• Recorded data:

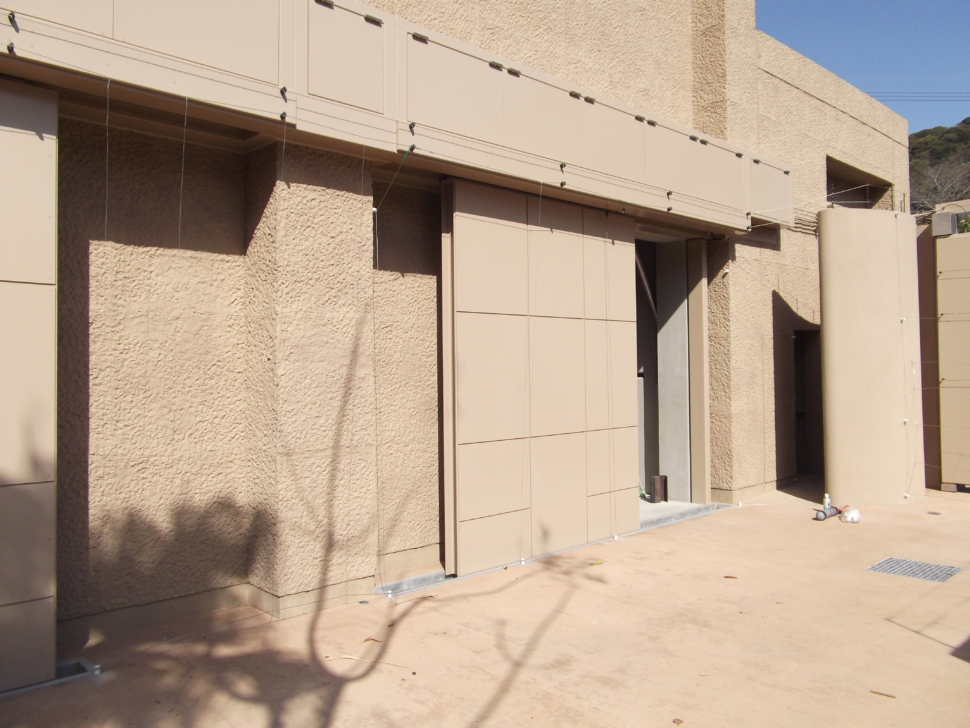 ゾウ舎向け大型特殊扉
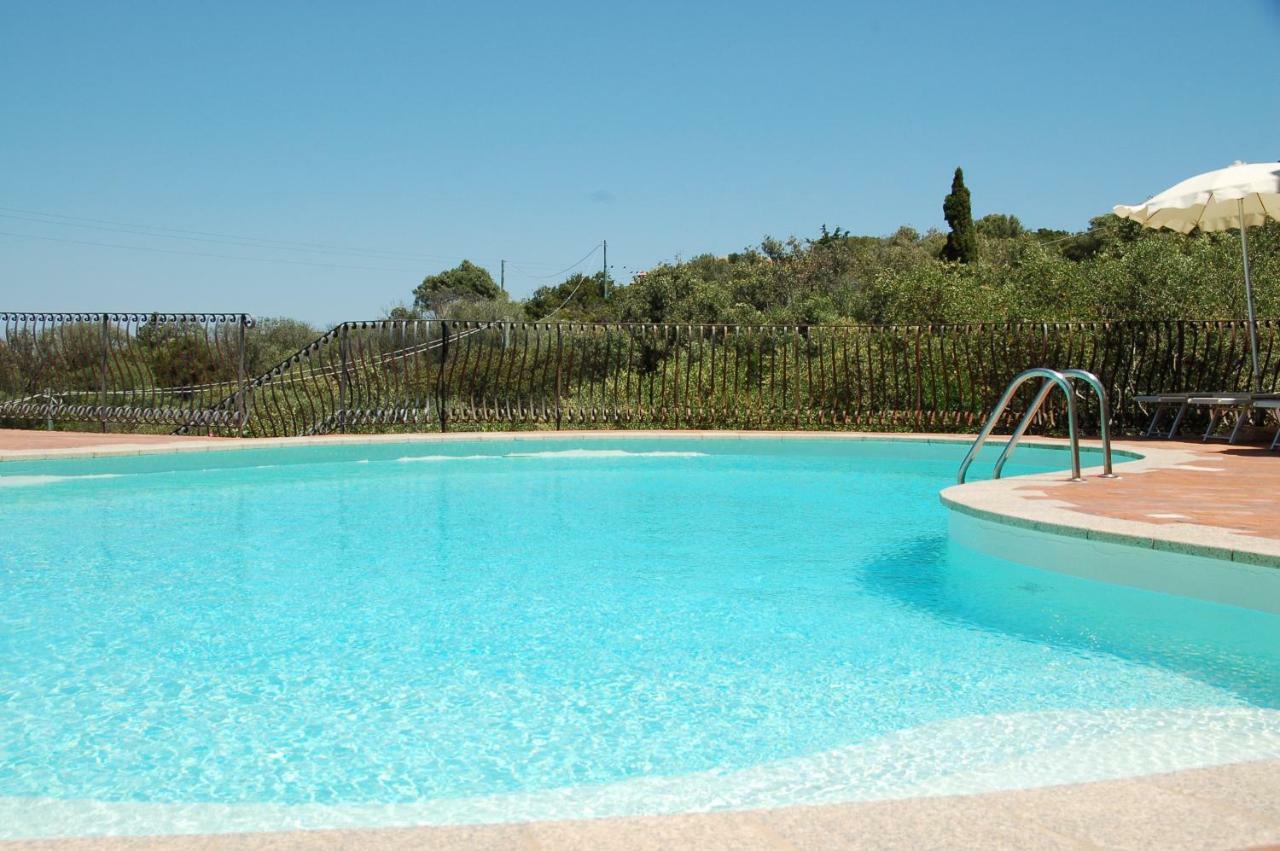 Hotel Li Graniti Baja Sardinia Eksteriør bilde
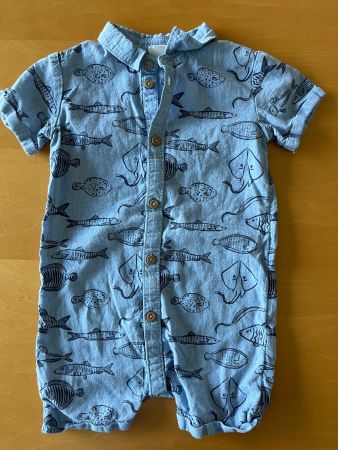 H&M Baby Spieler blau mit Fischmotiv Grösse 86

• Work instruction: All the material shown above is to be copied exactly, with no pictures carried over.

• Written answer:
 ゾウ舎向け大型特殊扉
 Hotel Li Graniti Baja Sardinia Eksteriør bilde
 H&M Baby Spieler blau mit Fischmotiv Grösse 86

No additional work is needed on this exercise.